MOBILE, Ala. – No, the Buffalo Bills will not be making a cannonball dive into free agency this year. But they do expect to get multiple starters back who missed time in 2015.
And you can count on Aaron Williams returning.
The safety who suffered a scary neck injury last year against the New England Patriots in Week 2, returned at Tennessee and then was shelved for the season will be back, General Manager Doug Whaley said Tuesday. That’s as great of a free agent-like signing the Bills will make all offseason.
“Everything we heard, if we would’ve made the playoffs today, they would’ve put him in there and activated,” Whaley said. “So he’s ready to go. So we’re excited about that.”
And not only this Williams. Whaley said defensive tackle Kyle Williams (knee) is also “on track.” While he’s likely to miss offseason activities, the GM expects him to be ready for training camp. He missed 10 games last season.
Add it all up and Whaley does not see the need to find three, four, five new starters on defense. All signs point to Buffalo tweaking its personnel on that side of the ball – where the NFL’s No. 4-ranked unit fell to No. 19 under Rex Ryan – instead of taking a sledgehammer to it.
Whaley does not need to go big-game hunting for Ryan this offseason, pointing to certain players’ success in Mike Pettine’s 3-4 back in 2013.
“Just talking to (Ryan),” Whaley said, “I don’t think we’re going to need to find that many starters. I think once we get Aaron Williams back. Hopefully we can sign Nigel Bradham back. Those are the guys who’ll be there who worked for us in a 3-4.”
True, Aaron Williams’ return would be a major boost to a secondary plagued by communication breakdowns. Many times, players cited communication as an issue in 2015. The Bills allowed 54 pass plays of 20-plus yards, tied for the fourth-most in the NFL. And before suffering the neck injury, the confident Williams was so often the soul of Buffalo’s defense through his 47 starts.
They’re banking on Williams helping with such synergy, too.
“With his defense and what he said, that communication is a big part and you’ve got guys who aren’t sure because they’re still trying to learn it, it puts a strain on how to be successful consistently,” Whaley said.
“Because there’s games where we looked pretty good. It’s just the consistency factor.”
The Bills want Percy Harvin back. Whaley repeated that much.
But the wide receiver’s health remains a concern and there’s no timetable set.
Was it his hip? His knee? Nothing has ever been clear on the subject, Whaley was told.
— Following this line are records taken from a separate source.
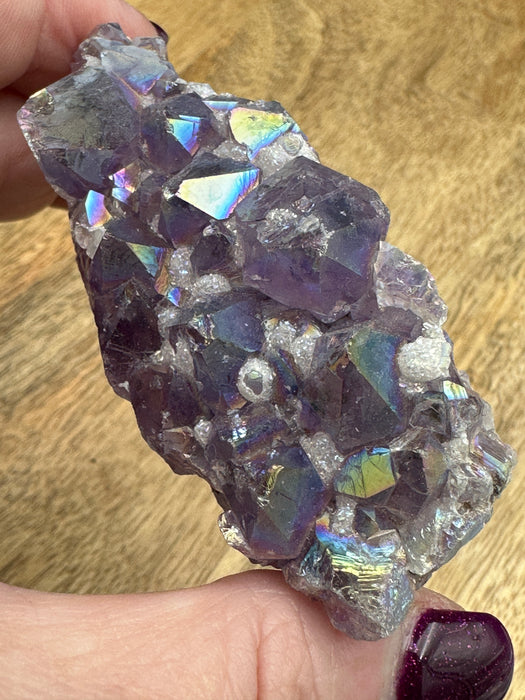 Pearl Aura Amethyst Clusters - Various Choices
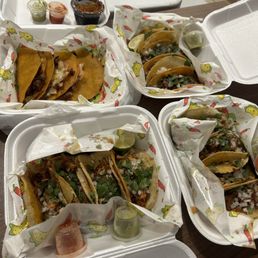 Al pastor, asada, and birria tacos Al pastor, asada, and birria tacos
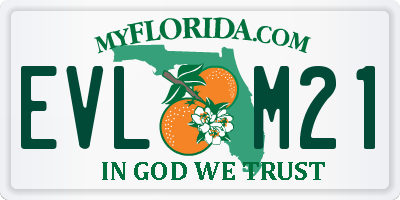 FL license plate EVLM21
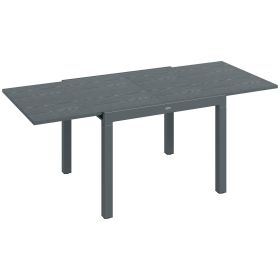 Outsunny Extendable Outdoor Dining Table, 41"- 83" Aluminum Frame Patio Table with Wood Effect Steel Top, Rectangle Expandable Patio Table for 6-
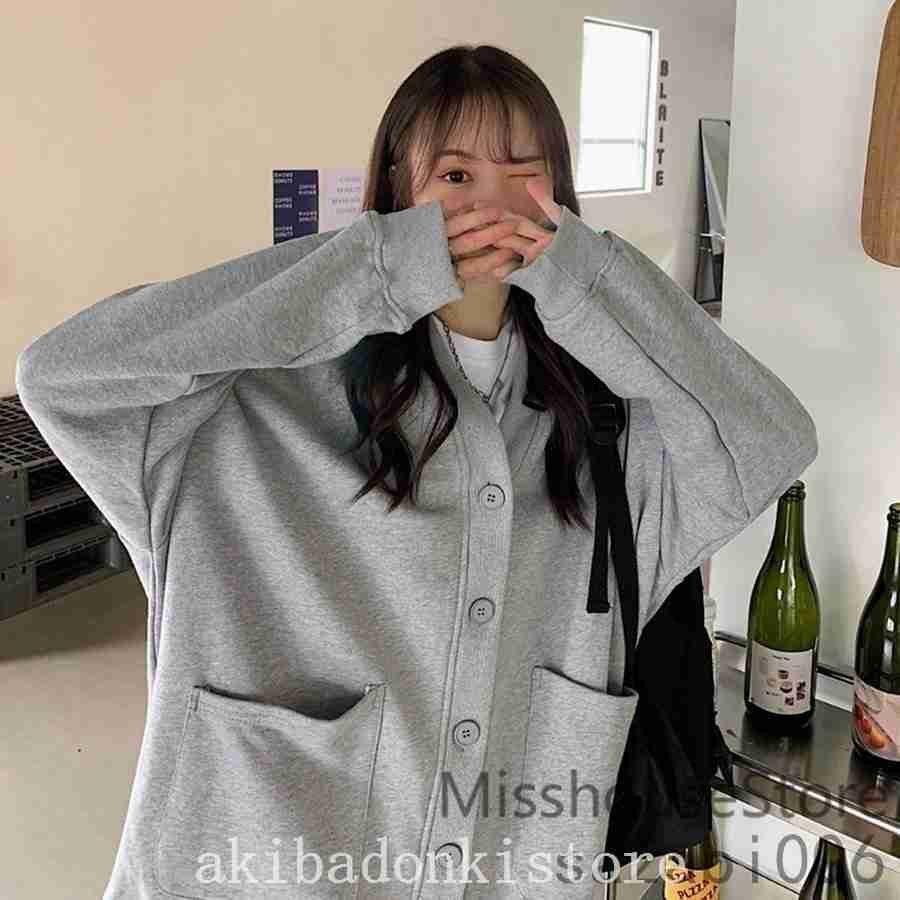 カーディガンレディースロングvネックスウェットトレーナートップスアウター秋冬ビックシルエットおしゃれ無地長袖だぼだぼvネックかわいい 福袋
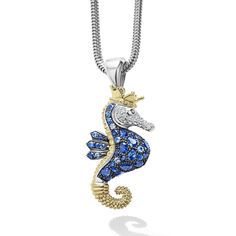 A LAGOS exclusive. Beautifully crafted seahorse of sterling silver and 18K gold with precious blue sapphires and diamonds. LAGOS diamonds are the highest quality natural stones. Seahorse Pendant, Timeless Jewelry, Engraved Items, Necklace Sizes, Round Brilliant Cut Diamond, Snake Chain, Brilliant Cut Diamond, Blue Sapphire, Turquoise Necklace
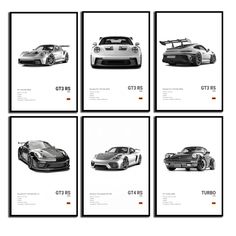 four different cars are shown in this black and white photo, with the names gt7rs on them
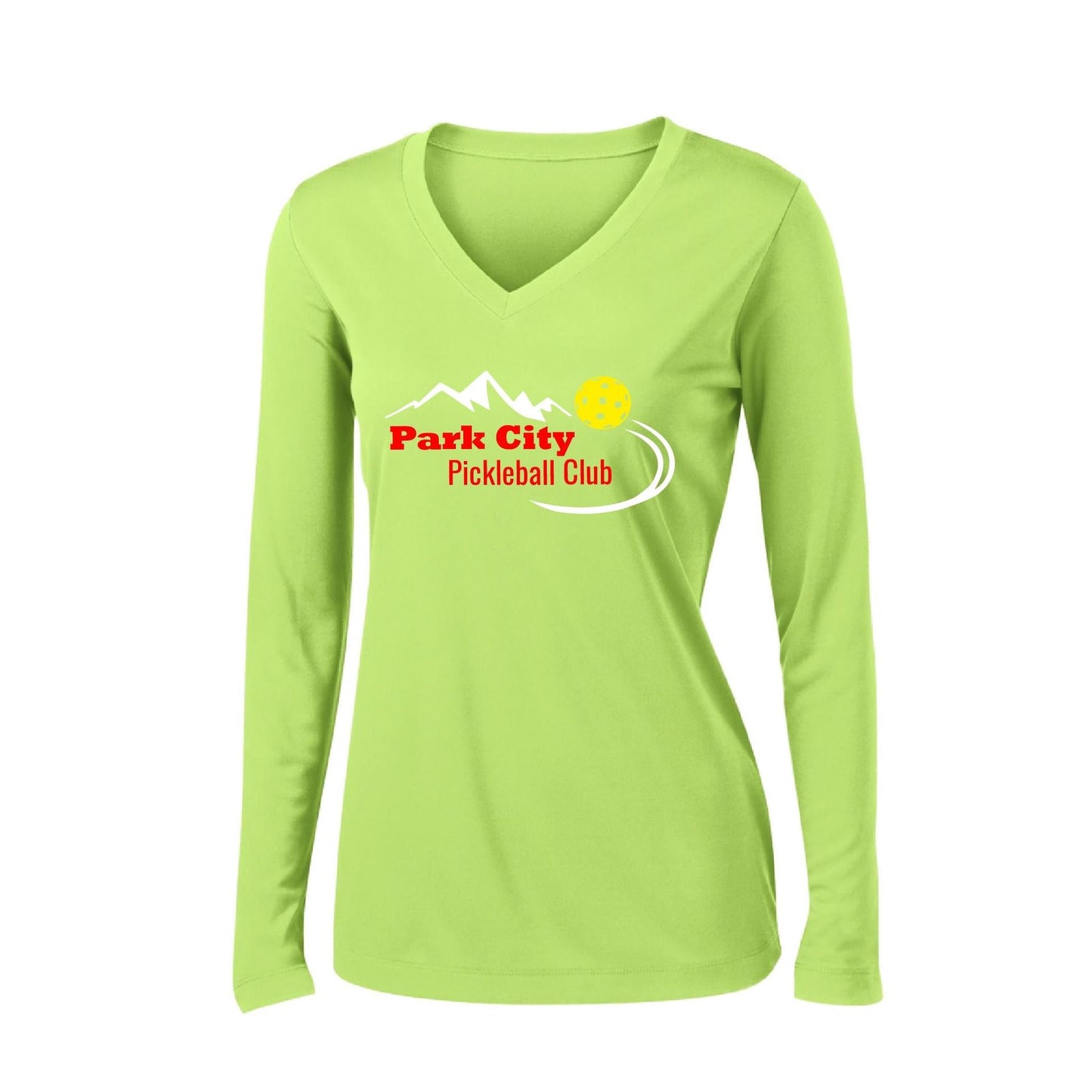Park City Pickleball Club (Red) | Women's Long Sleeve V-Neck Pickleball Performance T-Shirts | 100% Polyester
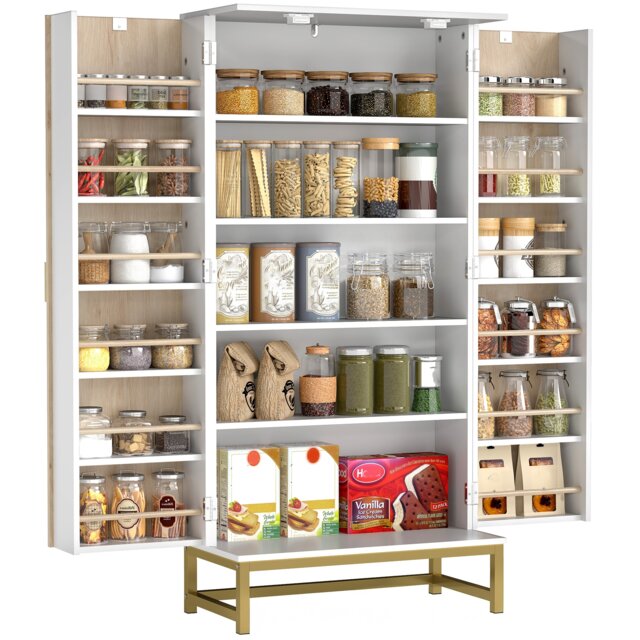 HOMCOM Kitchen Cabinet with Double Doors, 5 Tiers, 12 Spice Racks, White White White with natural wood and gold-tone accents 58W x 29D x 119.5H cm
“I don’t know if he’s quite clear,” Whaley said. “I think it’s one of those things – from what I gather, I’m not going to put words in his mouth – he wants to be healthy before he gets out there and shows his wares on the football field. He is a proud guy. He’s used to performing at a certain standard. If he can’t perform at that standard, I think that’s where his indecision is: ‘Can I and do I want to be less than the Percy Harvin everybody has seen.’ ”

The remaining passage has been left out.